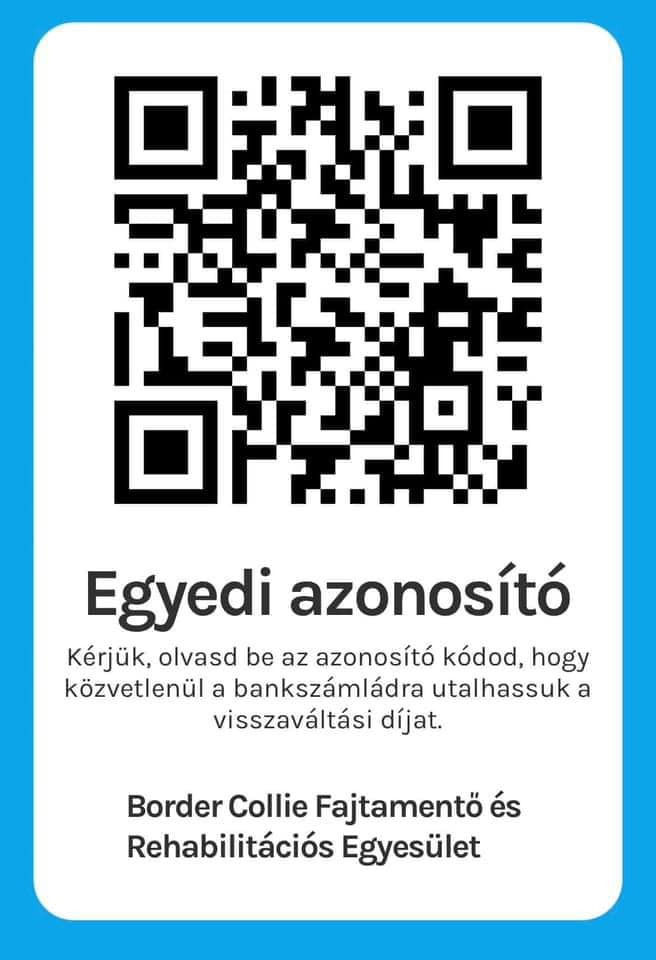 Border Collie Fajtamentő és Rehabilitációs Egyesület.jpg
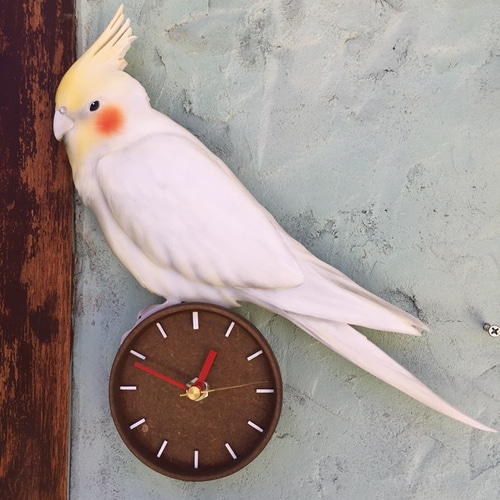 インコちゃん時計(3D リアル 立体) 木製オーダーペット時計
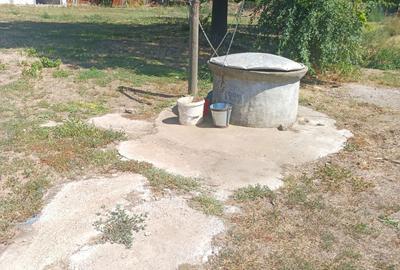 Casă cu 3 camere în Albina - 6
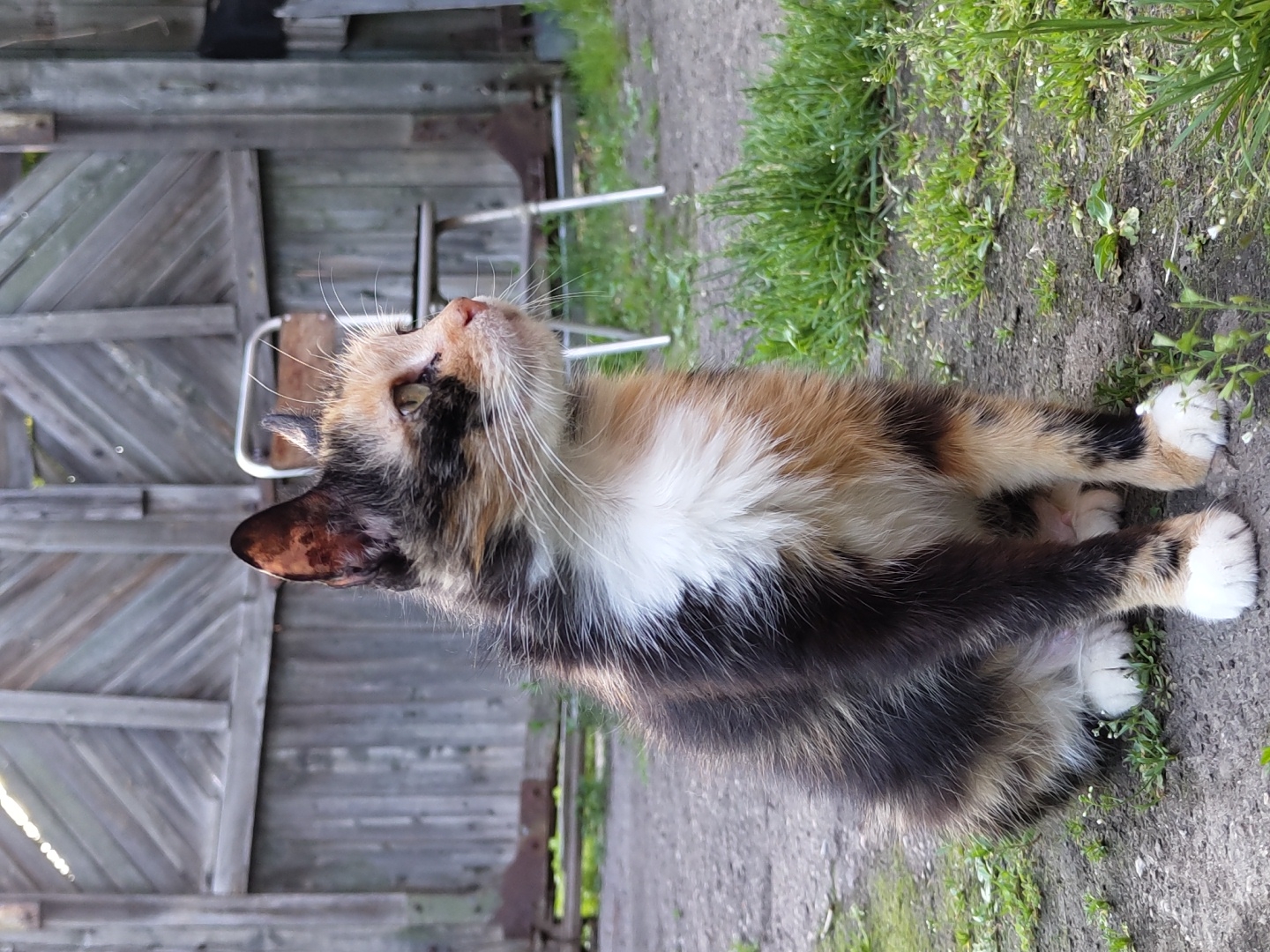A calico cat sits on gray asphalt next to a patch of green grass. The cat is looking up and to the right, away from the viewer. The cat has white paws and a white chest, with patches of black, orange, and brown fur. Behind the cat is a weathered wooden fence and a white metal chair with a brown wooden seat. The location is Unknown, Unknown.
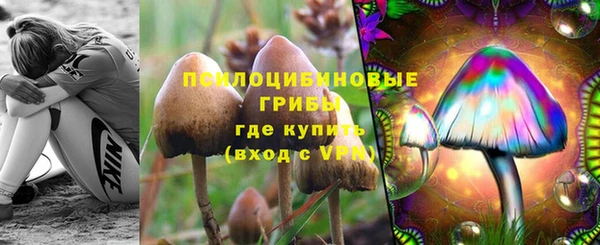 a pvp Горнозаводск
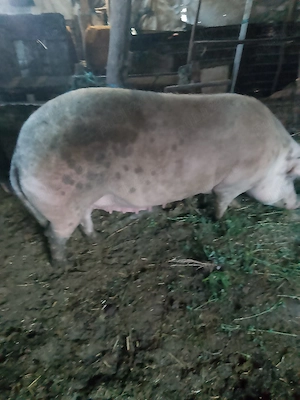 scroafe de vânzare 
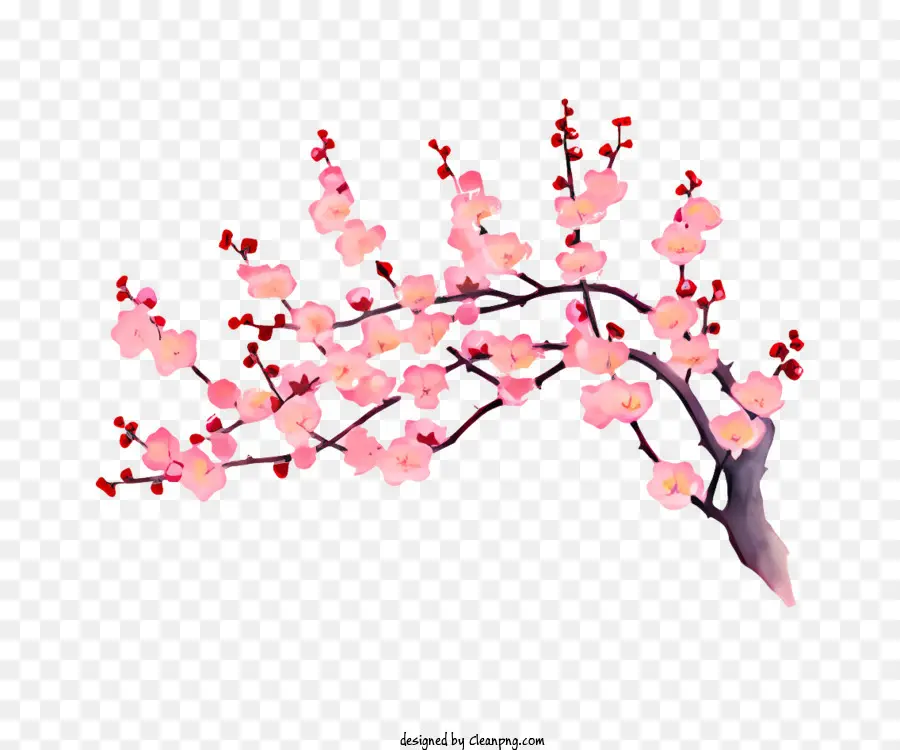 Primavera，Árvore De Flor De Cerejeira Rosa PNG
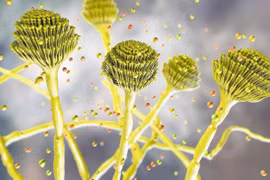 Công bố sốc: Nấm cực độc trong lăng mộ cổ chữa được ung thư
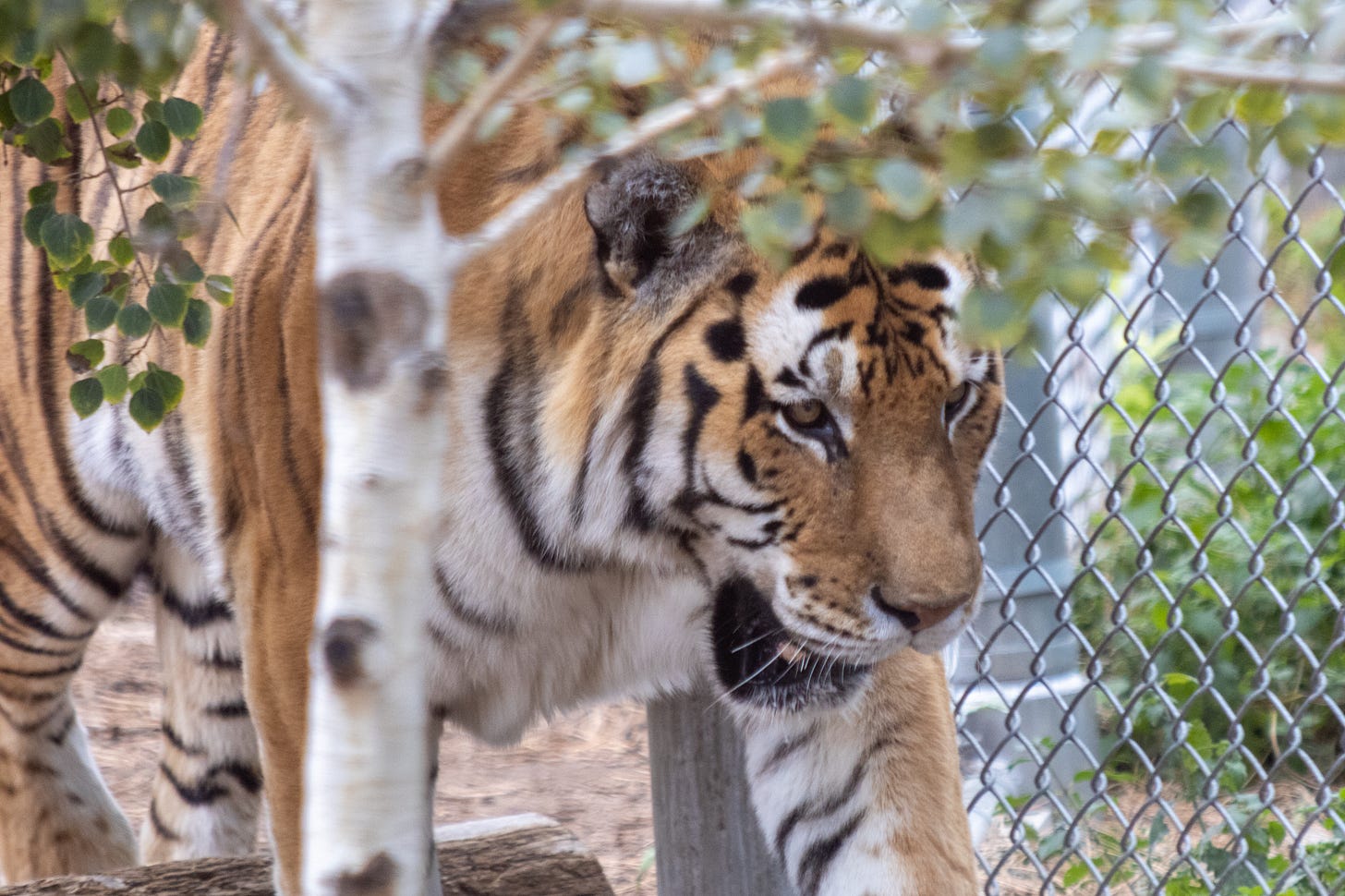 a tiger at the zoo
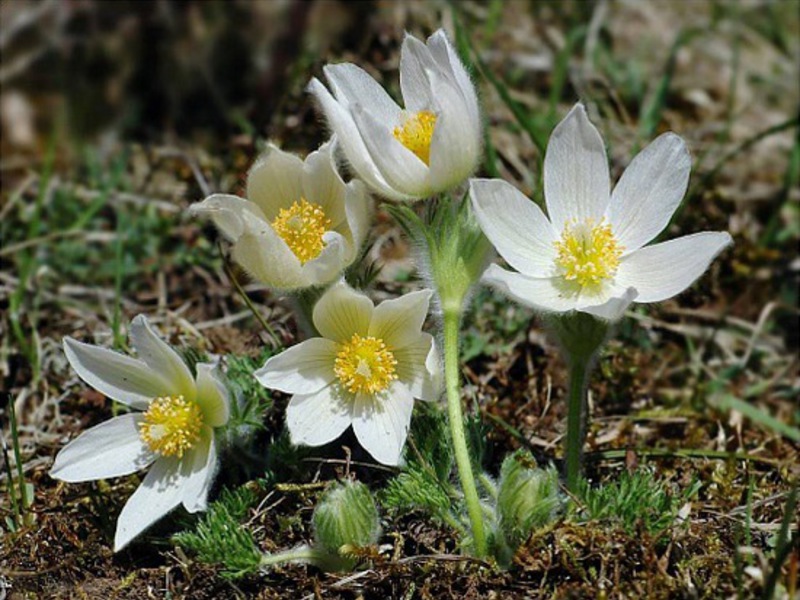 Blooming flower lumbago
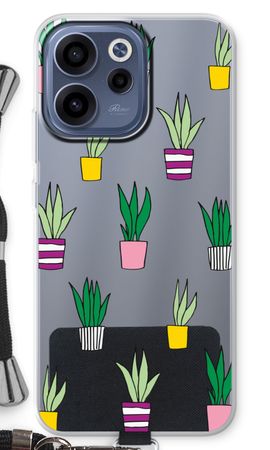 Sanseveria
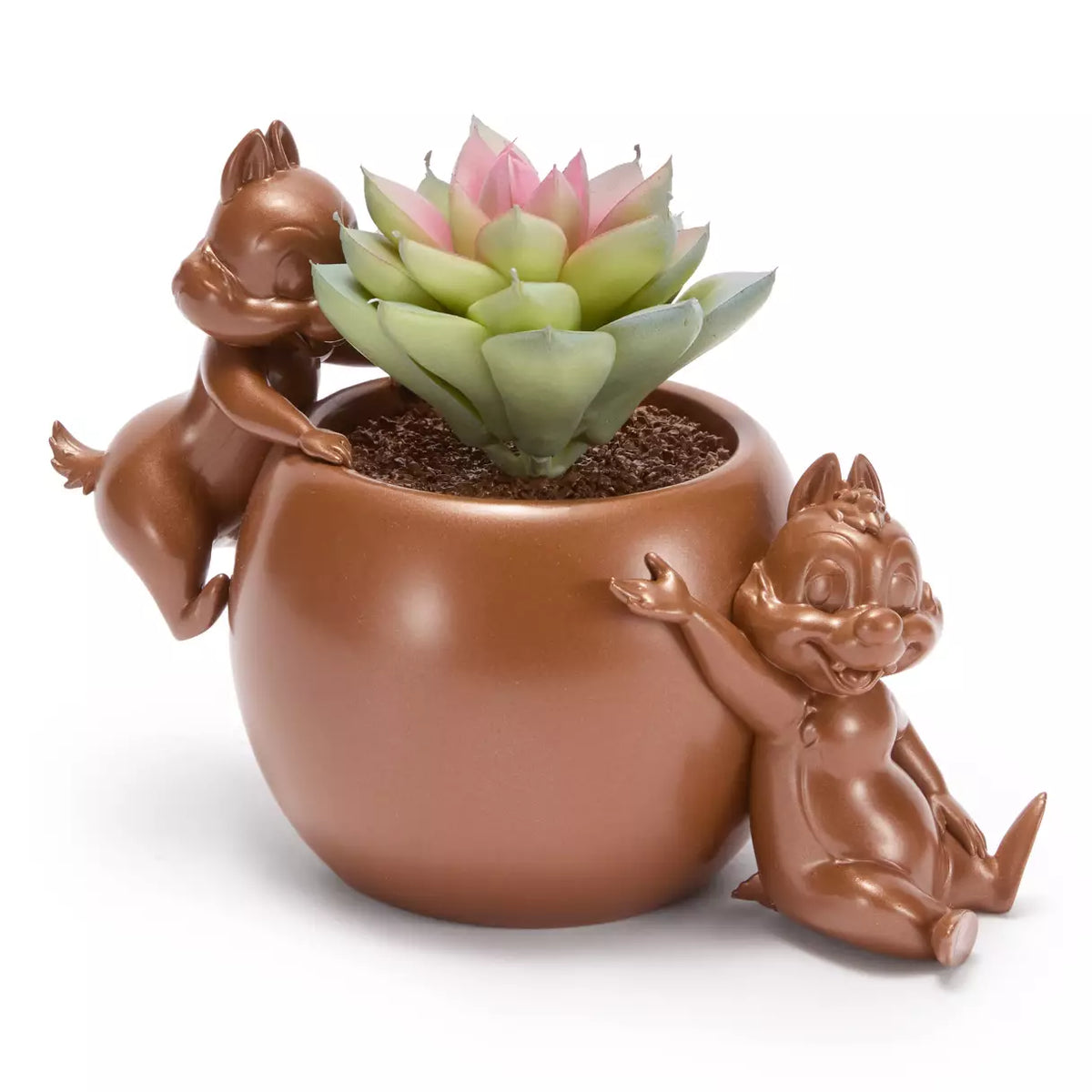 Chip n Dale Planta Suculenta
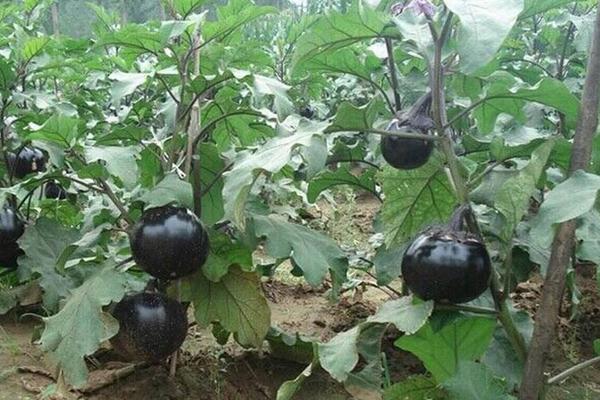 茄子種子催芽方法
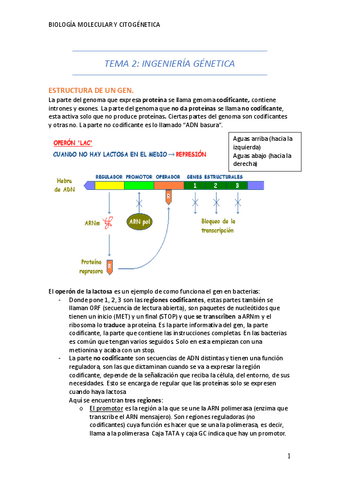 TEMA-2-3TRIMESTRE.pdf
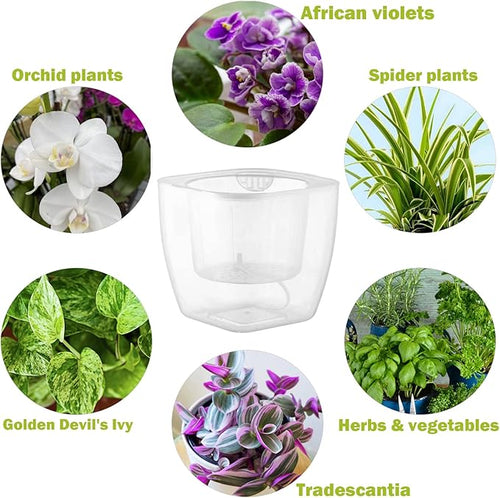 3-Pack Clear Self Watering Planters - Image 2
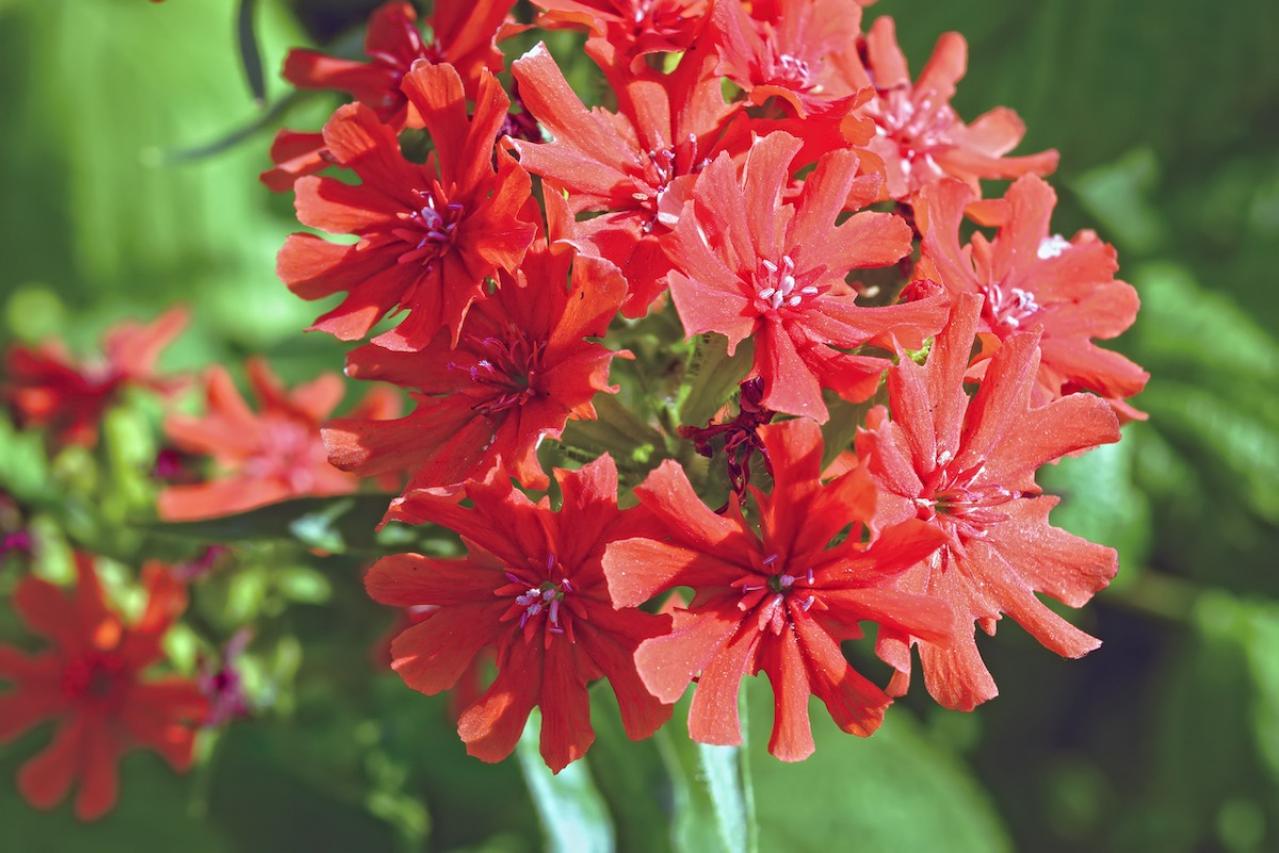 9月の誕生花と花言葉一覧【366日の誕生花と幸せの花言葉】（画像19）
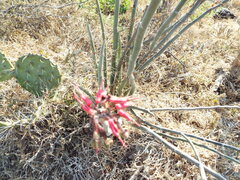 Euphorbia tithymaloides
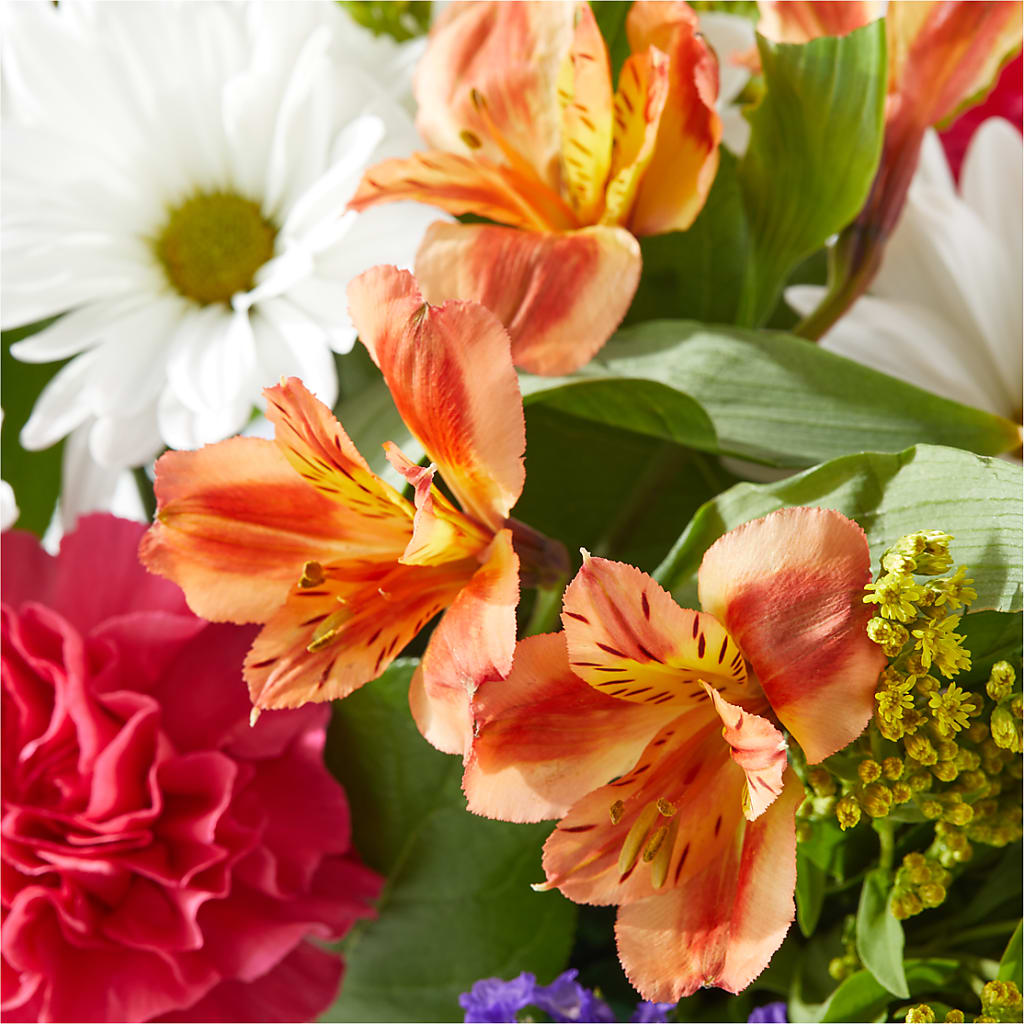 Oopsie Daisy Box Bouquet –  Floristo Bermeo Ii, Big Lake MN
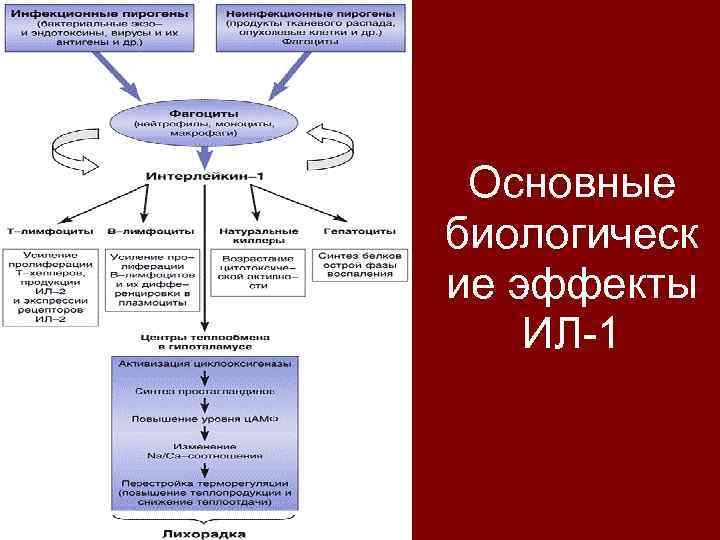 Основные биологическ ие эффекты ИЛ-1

____

*HOW TO COMPLETE THIS TASK*. Everything from the opening line of the data through the line with "Casă cu 3 camere în Albina - 6" should be repeated exactly; leave the pictures out.

*WRITTEN SOLUTION*.
 Border Collie Fajtamentő és Rehabilitációs Egyesület.jpg
 インコちゃん時計(3D リアル 立体) 木製オーダーペット時計
 Casă cu 3 camere în Albina - 6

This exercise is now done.